I want to start out by stating that I enjoyed the film. But there is a part of me that found the whole premise and subsequent story a bit… contrived. Based on the concepts of brain power utilization the film follows the path of the main character’s (Lucy’s) transformation from a simpleton to a high powered mental dynamo.
Sure, it follows the whole science fiction angle of using a super drug to cause the transformation and we even get glimpses of Morgan Freeman’s character giving a lecture on the changes that are happening within Lucy (though unrelated to the transformation itself). But maybe this is where I am getting the wonky feeling from.
Essentially the movie is pushed along in the flight and fight toward Lucy becoming exactly what the movie wants her to be. It isn’t a sense of growth so much as it is a drive where we are being pushed toward the final outcome. The vehicle has no motor so we are forced to contend with what the driver wants us to experience.

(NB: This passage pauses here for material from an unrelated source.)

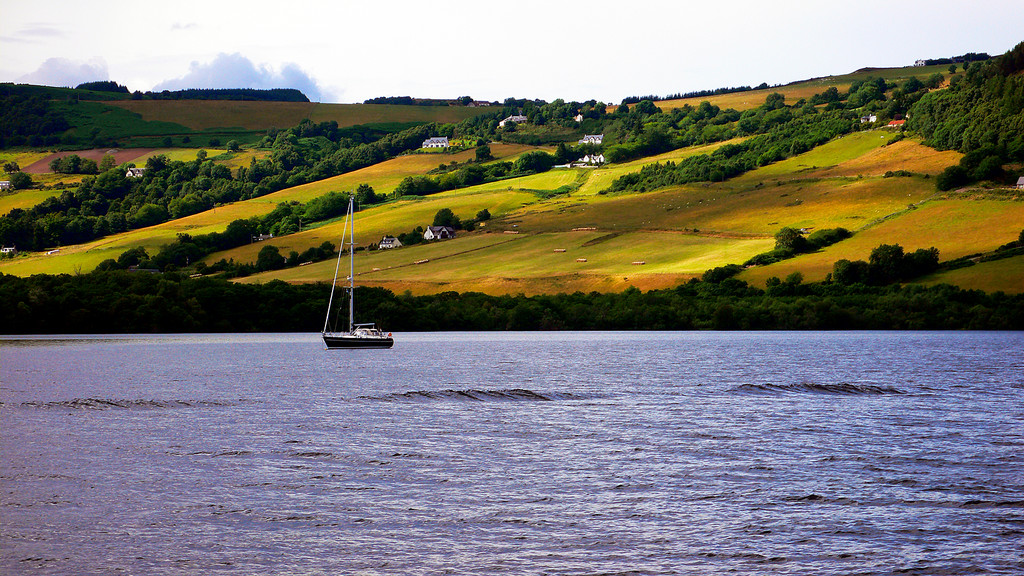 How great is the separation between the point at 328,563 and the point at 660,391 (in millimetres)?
40481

I know, I know, that is essentially what happens in any story. So why is it different with this? In a best case scenario, we are pulled through a story and sure we experience what the storyteller wants us to experience. But in a good story we are given just enough information to allow us to fill in the gaps. That isn’t what happens in this one. We are pretty much spoon fed the concepts and then shown exactly how they could play out in a real world scenario. I dare say that it is almost like the lecture that Morgan Freeman is giving is the film itself and we are experiencing his visual aids.
If it weren’t for the work of the actors within the story that could sink the whole thing. But this was the highlight of the story for me. The role of Lucy, played by Scarlett Johansson gives me a whole new respect for her as an actress. From the moment you first meet her within the story and then all the way through, you can feel the changes that happen to her and experience them along with her.

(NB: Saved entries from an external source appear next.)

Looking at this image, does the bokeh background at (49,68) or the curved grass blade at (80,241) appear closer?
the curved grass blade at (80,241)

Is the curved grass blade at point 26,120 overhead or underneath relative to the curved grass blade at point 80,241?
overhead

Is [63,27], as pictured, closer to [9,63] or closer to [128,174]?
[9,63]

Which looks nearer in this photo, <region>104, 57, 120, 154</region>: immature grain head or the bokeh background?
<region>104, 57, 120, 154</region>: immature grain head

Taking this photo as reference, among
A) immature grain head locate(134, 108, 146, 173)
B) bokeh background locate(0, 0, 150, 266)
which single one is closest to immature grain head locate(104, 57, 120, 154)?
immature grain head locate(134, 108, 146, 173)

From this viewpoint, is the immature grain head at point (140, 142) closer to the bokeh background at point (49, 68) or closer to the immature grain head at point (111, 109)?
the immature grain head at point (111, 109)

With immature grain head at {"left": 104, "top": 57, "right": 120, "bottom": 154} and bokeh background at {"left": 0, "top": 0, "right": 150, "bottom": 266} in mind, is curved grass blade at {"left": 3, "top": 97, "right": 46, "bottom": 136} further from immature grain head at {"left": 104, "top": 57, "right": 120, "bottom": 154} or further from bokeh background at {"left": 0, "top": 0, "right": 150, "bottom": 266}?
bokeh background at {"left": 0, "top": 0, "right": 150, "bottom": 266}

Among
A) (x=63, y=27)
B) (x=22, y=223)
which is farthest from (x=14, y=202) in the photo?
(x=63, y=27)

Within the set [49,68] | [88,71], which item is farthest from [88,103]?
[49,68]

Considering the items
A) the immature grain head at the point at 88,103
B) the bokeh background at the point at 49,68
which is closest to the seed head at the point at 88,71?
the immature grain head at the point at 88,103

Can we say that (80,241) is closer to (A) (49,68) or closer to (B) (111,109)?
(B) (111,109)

There were a couple of times that I ended up rewinding to see if maybe I had missed something. This was an effect of the transitions between the lecture and the story itself. Of course, in those different spots, I found myself in a strange portion of the story that didn’t really follow the cause and effect of the storyline. Case in point: shortly after Lucy has been hijacked as a drug mule we find her in a cell, chained to a wall. For me, I don’t know that it was adequately explained how she ended up there. But this is the moment that sets the main concept of the film in motion. Basically, it was too convenient of a happenstance without much impetus for it to exist. If it wasn’t an integral part of the plot, it would serve no purpose in the story at all (pushed through the story, we are).
At this point, I think I have harped on the movie a bit more than it deserves. All in all, I found it enjoyable, though nothing that you would go out of your way to watch. Personally, this is one I would happily wait till it is on Netflix to watch or do as I have already done and pick up a copy of the DVD at your local library. It was good enough that I have watched it twice now and not really felt like I wasted the two hours or so.
And now I will add some glorified filler to this because I realized that if I ended it on the paragraph above my word count would have been 666. It isn’t that I am superstitious or anything but for some odd reason that just felt wrong to me.